Pauker would do that. In under five years since he started the club, he’s ingested live octopus, chicken feet and braised goose feet, pig knuckle, tripe soup, myriad bugs, smoked pork tongue, pig stomach, as well as fried frog. He’s seen his club expand from four to over 450 members, and now there are offshoots of the original popping up in Berlin, London, Paris, and other parts of the U.S.
Of his criteria for picking eateries, Pauker says, “We’re not going to cross lines of legality, like cannibalism or eating cats and dogs, but everything else is fair game.” Indeed, most dinners rival Trimalchio’s lavish banquets. Gastronauts usually eat off-menu, and order “the weird items in small print at the bottom of the menu that folks eat everyday in Manila, Lagos, Bangkok, or Lima.”
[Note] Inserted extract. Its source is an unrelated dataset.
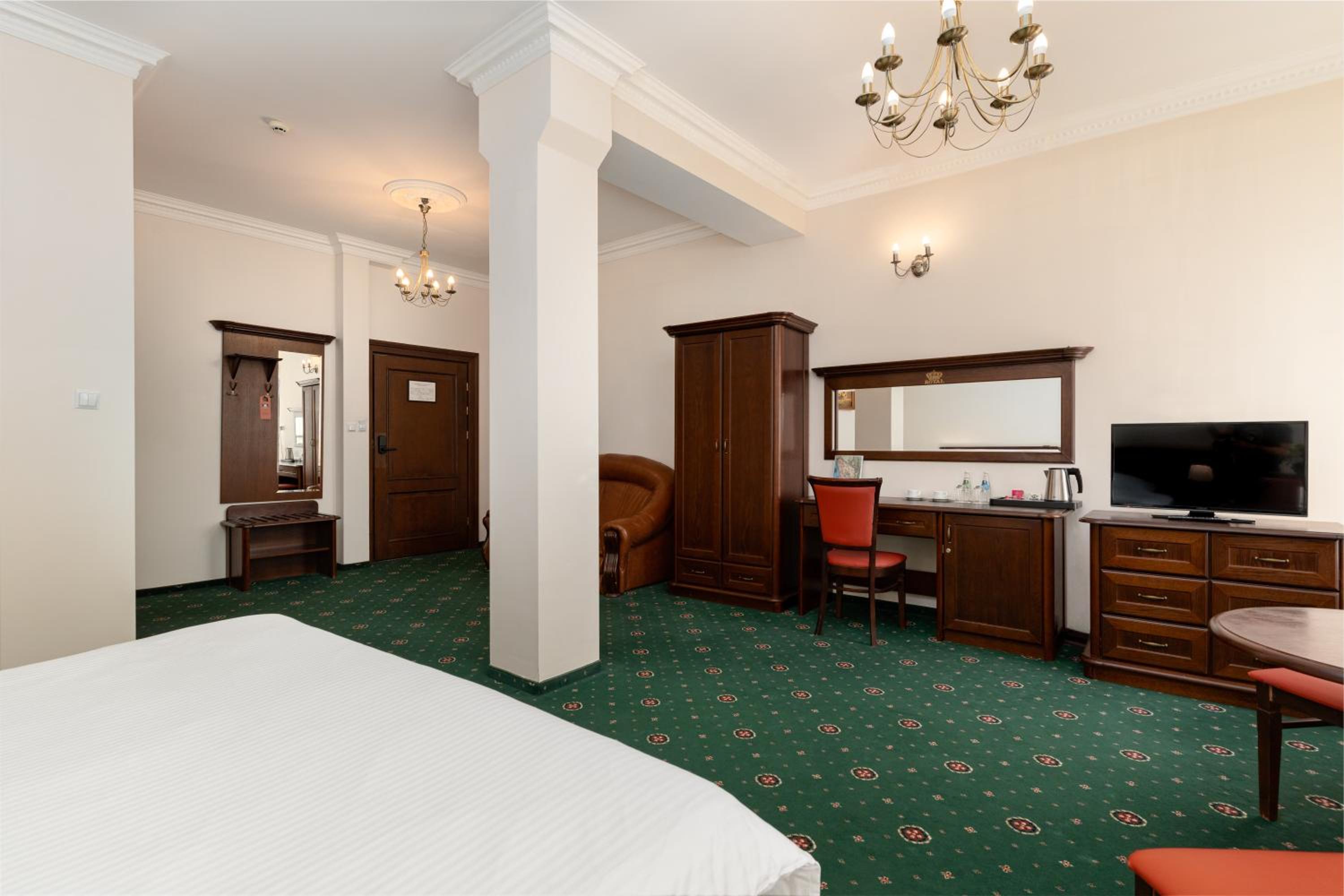 Superior King Room - Photo 5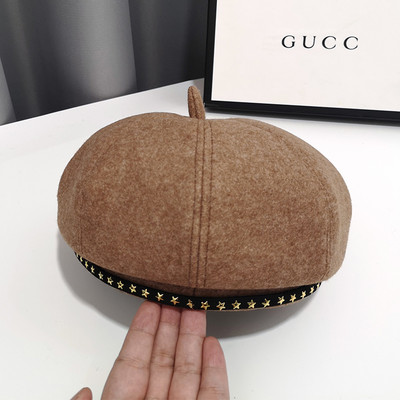 Jelenlegi téli barett típusú sapka fém elemekkel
While some may think this kind of dining is extreme or fetishistic, Shyon Baumann, co-author of the new book, Foodies: Democracy and Distinction in the Gourmet Foodscape, argues that exploratory eating represents the democratization of food culture. “Within the last 50 to 60 years, eating clubs have gone from focusing on elite, French cuisine to focusing on good food from every tradition.” The clubs of today are more inclusive, less Eurocentric.
But the Gastronauts are “kind of on the edge,” he adds, bestowing them with the highest foodie honour: “People who push the envelope most when it comes to eating are seen to have the most credibility,” he explained. “The fewest number of people can gain mastery or knowledge of food at that level.”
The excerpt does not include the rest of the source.